James Patrick Ferns is employed as the Glasgow-wide Social Policy Officer for the Citizens Advice Bureau. This role involves the management of social policy research, campaigns and advocacy (relating to poverty, housing, immigration, health, employment etc.) across Glasgow and the West of Scotland. James is utilising oral history methodology within this role to gain insight into these issues and prioritise lived experience.
He completed his PhD at the University of Strathclyde in Glasgow, where he was based within the Scottish Oral History Centre and supervised by Prof Arthur McIvor.

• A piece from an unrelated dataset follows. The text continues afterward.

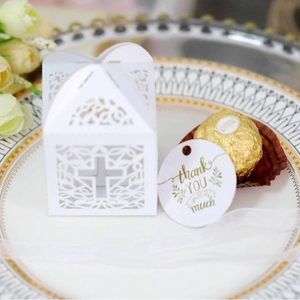 Witte lasergesneden geschenkdoos met kruis en bedanklabel voor bruiloft snoepjes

His PhD thesis, Workers in Transition: Work, Identity, and Deindustrialisation in Scotland since 1980, utilised oral history to illuminate the post-redundancy experiences of shipbuilders and steelworkers following 1980, examining the impact of deindustrialisation on their understanding and experience of work as well as their expression of identity. He is currently working on converting his thesis into a monograph.
James is an active trade unionist, having served on the University and Colleges Union (UCU) Strathclyde branch committee as well as its national education committee, and is currently a member of Unison. His research interests include deindustrialisation, nationalism, working-class history and politics, and class and gender identity.
Project Statement:
Workers in Transition: Work, Identity, and Deindustrialisation in Scotland since 1980
Work is intrinsic to the formation of both personal and collective identity. Likewise, the loss of work, or transition into new employment, has a consequential impact on an individual’s identity.
The existing literature on deindustrialisation has outlined the social alienation prevalent in deindustrialised communities, highlighting deindustrialisation’s often devastating personal consequences. However, the transitions workers make following their loss of employment, and specifically, the significance of these transitions in relation to identity, has not been adequately explored, especially in relation to Scotland, where deindustrialisation was both rapid and pervasive.
The occupational culture of heavy industry is renowned for its extensive trade unionism, male-dominated workforce, shop floor camaraderie, and the prevalence of a rigid masculinity. Given their previous immersion in a distinctive occupational culture, a study of the post-redundancy experiences of ex-heavy industry workers can offer a window into the impact that transition into a different work environment has on identity.
In capturing complex and experiential narratives oral history is indispensable in understanding the impact of deindustrialisation on workers’ identities. My monograph utilises oral history to illuminate the post-redundancy experiences of Scottish shipbuilders and steelworkers following 1980, which involved the creation and analysis of 53 new interviews.
My research analyses work in a deindustrialised setting. By exploring how workers defined, understood, and acclimatised themselves to new working environments this research offers a unique approach to understanding how deindustrialisation and employment transitions affect workers’ identities. An examination of workers’ testimonies of redundancy and employment transition provides a more layered understanding of the consequences of deindustrialisation, thereby contributing to historical and sociological understandings of class, masculinity, and employment.